Ceph is an open-source software-defined storage solution designed to run on standard hardware (commodity servers). Instead of buying a single, expensive storage filer, Ceph connects many individual servers (nodes) into one massive storage pool.
The core advantages of Ceph are:
- No Single Point of Failure: If a server or a disk fails, the data remains available.
- Unlimited Scalability: You can add new nodes at any time while the system is running.
- Self-Healing: The system detects errors automatically and restores the desired redundancy without manual intervention.
Best Practices for Maximum Efficiency
Planning a cluster is always a balance between cost (efficiency), security, and performance.

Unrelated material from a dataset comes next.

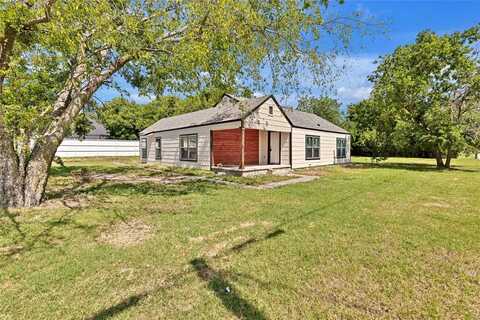 501 N Miller Street, Decatur, TX 76234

How many nodes are required?
- Replication (3x): You need at least 3 nodes. With only 2 nodes, a single failure would leave you with no copy to “heal” the cluster back to health.

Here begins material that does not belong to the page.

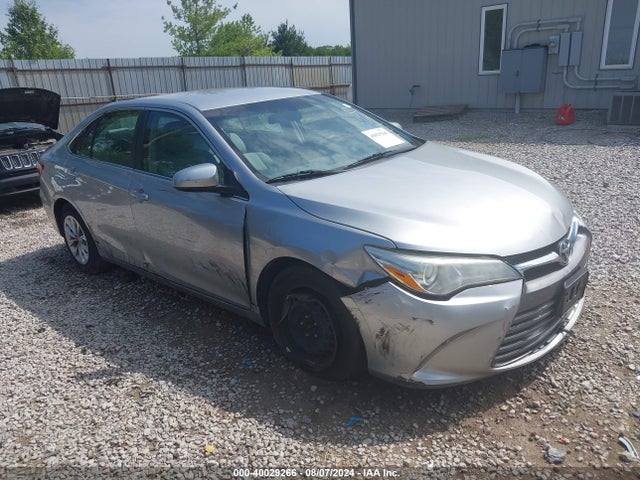Toyota CAMRY LE 2016 4T4BF1FK5GR561594 главное изображение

- Erasure Coding: The rule of thumb is $k + m + 1$ nodes. For an EC 4+2 profile (4 data chunks, 2 parity chunks), you should plan for at least 7 nodes. This way, one entire server can fail, and Ceph still has enough “targets” to redistribute the data in a $4+2$ scheme.
Efficiency Comparison
| Strategy | Min. Nodes (Recommended) | Efficiency (Net/Raw) | Security |
| Replica 3x | 3 | 33.3% | High (Fast recovery) |
| EC 2+1 | 4 | 66.7% | Medium (1 failure tolerated) |
| EC 4+2 | 7 | 66.7% | Very High (2 failures tolerated) |
| EC 8+3 | 12 | 72.7% | Extremely High |
Tips for Building Your Cluster
- Uniform OSD Sizes: Whenever possible, use hard drives of the same size. Ceph fills OSDs based on percentage. If you mix sizes (e.g., 4 TB and 12 TB), the small drives will fill up much faster, which can block the entire cluster.
- Network Bandwidth: 10 GbE networking is the absolute minimum for Ceph. In the event of a disk failure, Ceph must copy terabytes of data across the network. A 1 GbE network would become an immediate bottleneck and cripple your application performance.
- OSD Distribution: Aim for about 10 to 15 OSDs (disks) per node. Having too many disks in a single server increases risk: if that one server fails, the network must compensate for a massive amount of data all at once.